The EUR/USD daily Forex chart has been in a trading range for a month. The bears want the bear channel to break to a new how. But, the bulls have a head and shoulders bottom. The right shoulder is a smaller head and shoulders bottom.
The EUR/USD daily Forex chart has a nested head and shoulders bottom. That slightly increases the odds of a break above the November highs, which form the neck line. If there is a strong breakout, the rally will likely continue up to the October 16 top of the 2 month bear channel.
Until the bulls begin to form higher highs, the chart is still in a bear channel. That means a bear trend. But, the chart pattern is good for the bulls. In addition, it is forming at support on the weekly chart.
Traders always want high probability trades. When the chart is in a trading range, those trades cannot exist. The chart is sideways because the bulls and bears are balanced. However, the odds are slightly better for the bulls. But, one or two big bear days would flip the odds in favor of the bears.
Overnight EUR/USD Forex trading
The EUR/USD 5 minute Forex chart rallied 70 pips over night. It has been in a 30 pip trading range for 5 hours. As a result, day traders have been scalping.
Since the daily chart is trying to break above a head and shoulders bottom, today’s close is important. The bulls need signs of strength. One sign is a preponderance of bull trend days. In addition, they need those days to close near their highs. Furthermore, they need some of them to close above the high of the prior day and above minor lower highs.
For example, if the bulls can close today above yesterday’s high and above last week’s high, that would be a sign of strength. If not, it would be a sign of strength for the bears.
Therefore, both will fight over those 2 highs today.
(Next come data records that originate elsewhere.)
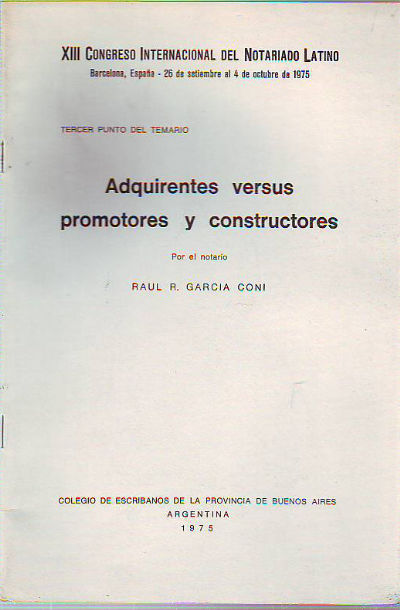 ADQUIRIENTES VERSUS PROMOTORES Y CONSTRUCTORES. XIII CONGRESO INTERNACIONAL DEL NOTARIADO LATINO.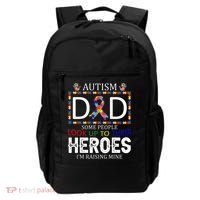 Autism Dad Some People Look Up To Their Heroes Backpack thumb 0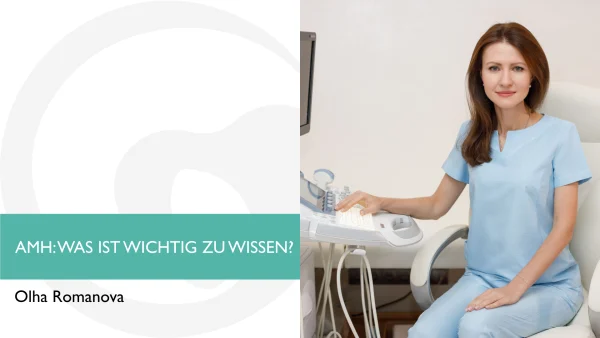 AMH: Was ist wichtig zu wissen?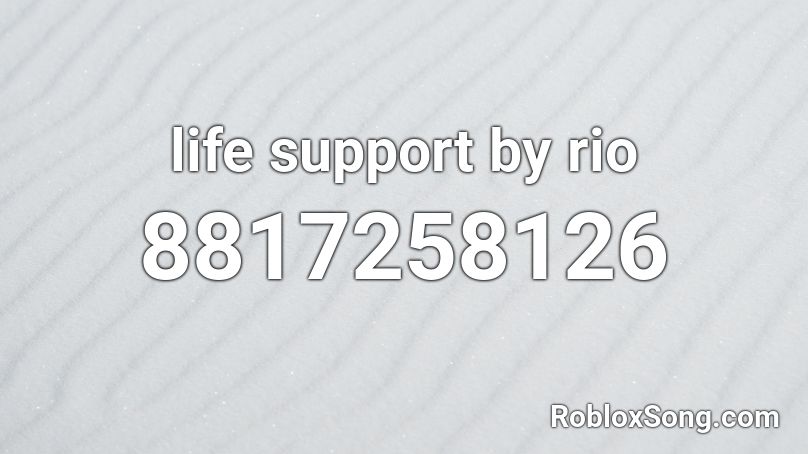 life support by rio Roblox ID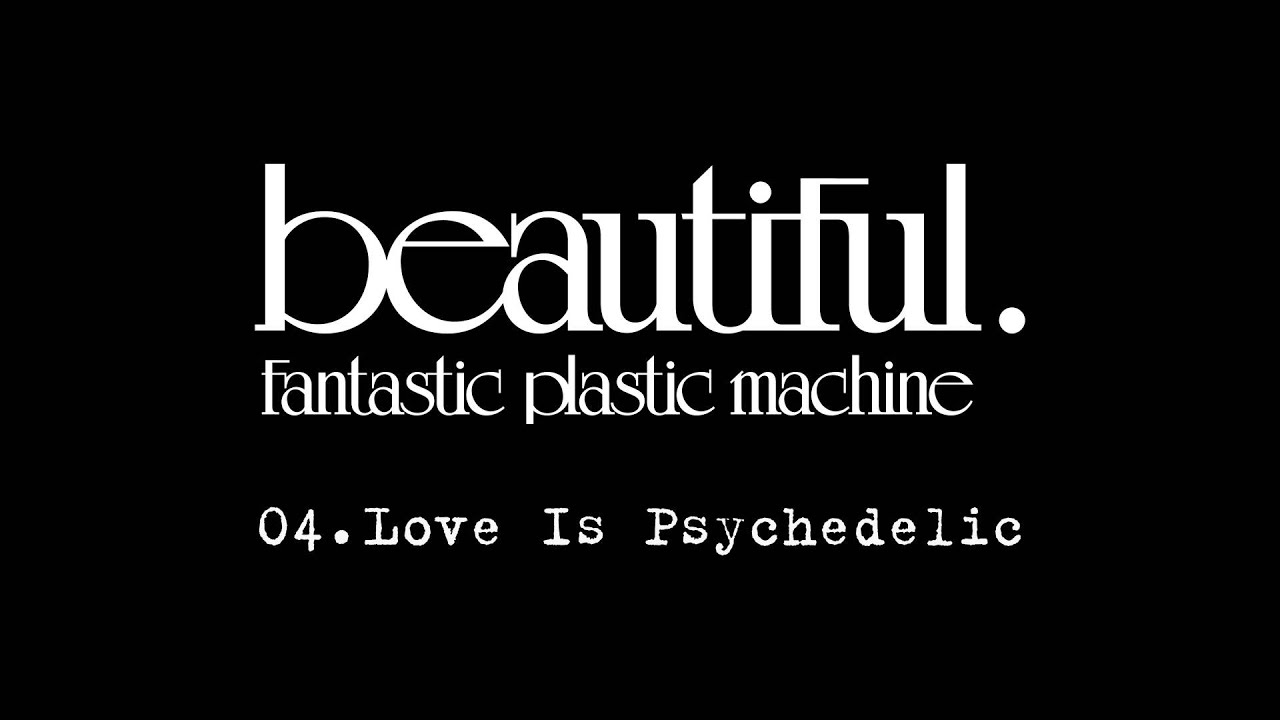 Fantastic Plastic Machine (FPM) / Love Is Psychedelic （2001.1.17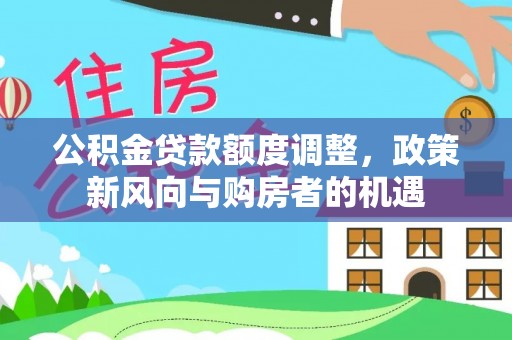 呼玛公积金贷款额度调整，政策新风向与购房者的机遇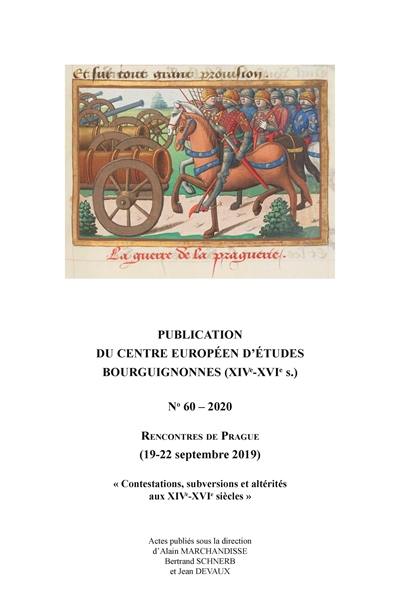 Contestations, subversions et altérités aux XIVe-XVIe siècles : rencontres de Prague (19-22 septembre 2019)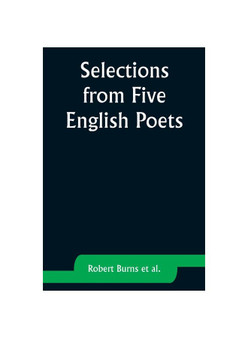 Selections from Five English Poets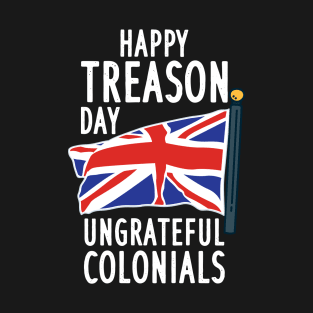 Happy Treason Day - Funny 4th of july T-Shirt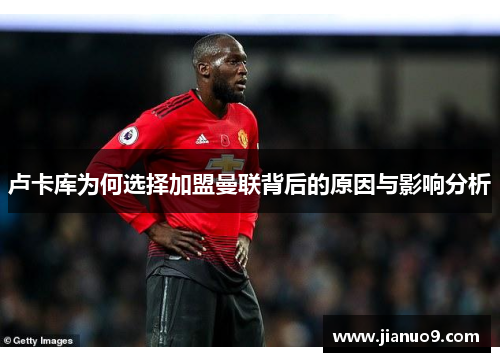 卢卡库为何选择加盟曼联背后的原因与影响分析 卢卡库为何选择加盟曼联背后的原因与影响分析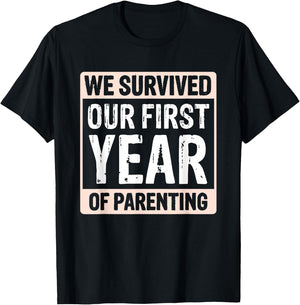 We Survived Our First Year Of Parenting T-Shirt - T-Shirt | Black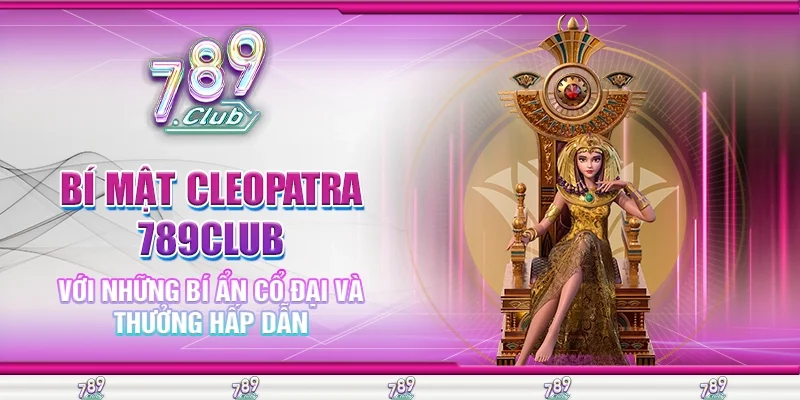 Bí mật Cleopatra 789Club Với Những Bí Ẩn Cổ Đại Và Thưởng Hấp Dẫn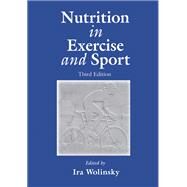 Nutrition in Exercise and Sport, Third Edition by Wolinsky; Ira, 9780849385605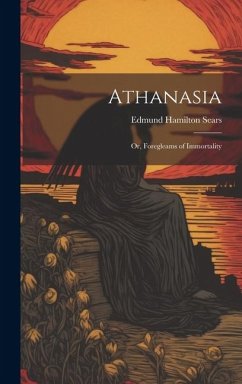 Athanasia: Or, Foregleams of Immortality - Sears, Edmund Hamilton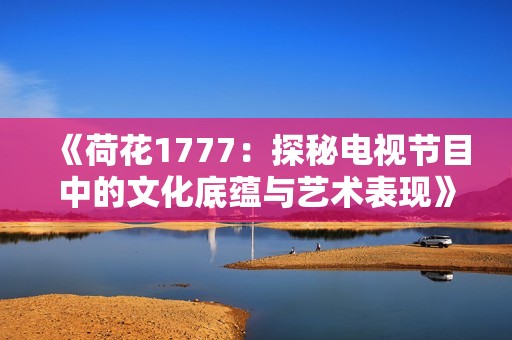 《荷花1777：探秘电视节目中的文化底蕴与艺术表现》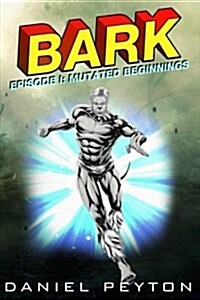 Bark Episode I: Mutated Beginnings (Paperback)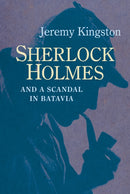 Sherlock Holmes and a Scandal in Batavia-9780719816116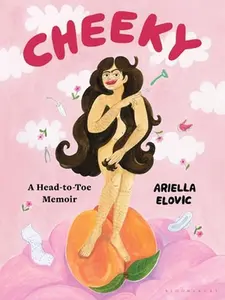 USED-Cheeky: A Head-To-Toe Memoir by Elovic, Ariella (Hardcover)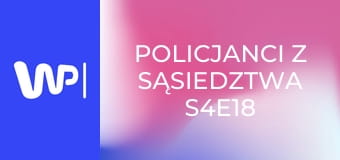 Policjanci z sąsiedztwa S4E18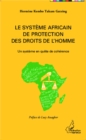 Image for Le systeme africain de protection des droits de l&#39;homme.
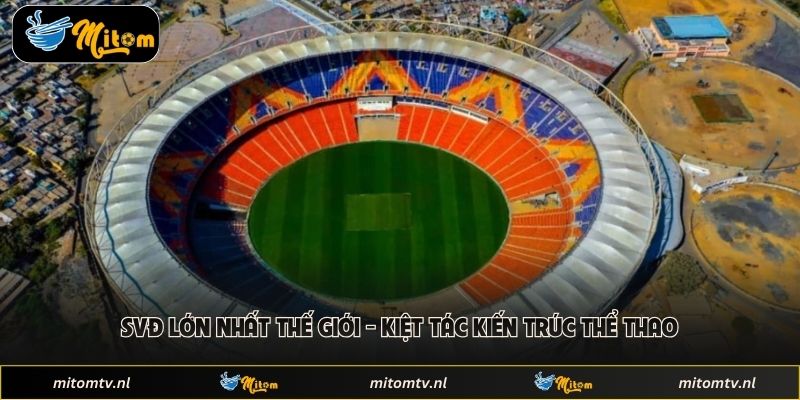 SVĐ Lớn Nhất Thế Giới - Kiệt Tác Kiến Trúc Thể Thao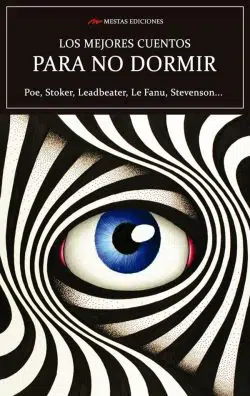 Portada de Los mejores cuentos para no dormir, de Antón Chéjov, Arthur Conan Doyle…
The bulls will buy 20 – 30 pip selloffs and the bears will sell near those highs. If either can create a strong trend day, which is unlikely, the daily chart will be more favorable for them.
The daily chart has been reversing every few days over the past month. Most days have spent most of their time in trading ranges. Friday’s unemployment report is important. Finally, the overnight rally was weak. These factors make today likely to be another trading range day.